Value-Gradient Algorithm for Optimal Control and Residual-Quantile Adjustment Method

最優控制的價值函數-梯度計算方法和殘差分位數自適應方法

Student thesis: Doctoral Thesis

View graph of relations

Author(s)

Related Research Unit(s)

Detail(s)

Awarding Institution
Supervisors/Advisors
Award date16 May 2024

Abstract

This dissertation includes the value-gradient formulation for optimal control problem and a residual-quantile adjustment (RQA) technique for residual based PDE solvers. For the first topic, we look deep into the convergence analysis and provide sufficient numerical experiments to show the robustness.  For the second topic, the insight of adaptivity is shown and the effectiveness of RQA is proved through various examples. Brief introductions for both topics are given as below.

Typically, optimal control problem is solved by first finding the value function through Hamilton–Jacobi equation (HJE) and then taking the minimizer of the Hamiltonian to obtain the control. Instead of focusing on the value function, however, we propose a new formulation for the gradient of the value function (value-gradient) as a decoupled system of partial differential equations in the context of continuous-time deterministic discounted optimal control problem.  An efficient iterative scheme, PI-lambda, is developed for this system of equations in parallel by utilizing the properties that they share the same characteristic curves as the HJE for the value function.

For the theoretical part, we prove that this iterative scheme converges linearly in L2α sense for some suitable exponent α in a weight function.

For the numerical method, we combine characteristic line method with machine learning techniques.  Specifically, we generate multiple characteristic curves at each policy iteration from an ensemble of initial states, and compute both the value function and its gradient simultaneously on each curve as the labelled data.  Then supervised machine learning is applied to minimize the weighted squared loss for both the value function and its gradients.

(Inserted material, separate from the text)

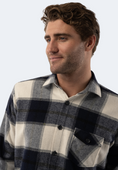 Load image into Gallery viewer, White and Navy Plaid Flannel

Experimental results demonstrate that this new method not only significantly increases the accuracy but also improves the efficiency and robustness of the numerical estimates, particularly with less amount of characteristics data or fewer training steps.

Besides the HJE, machine learning methods is also applied to provide numerical solutions to general high dimensional partial differential equations (PDE). The rapid development of residual-based solvers, such as Physics-informed neural network (PINN), left unsolved problems on effective and accurate training.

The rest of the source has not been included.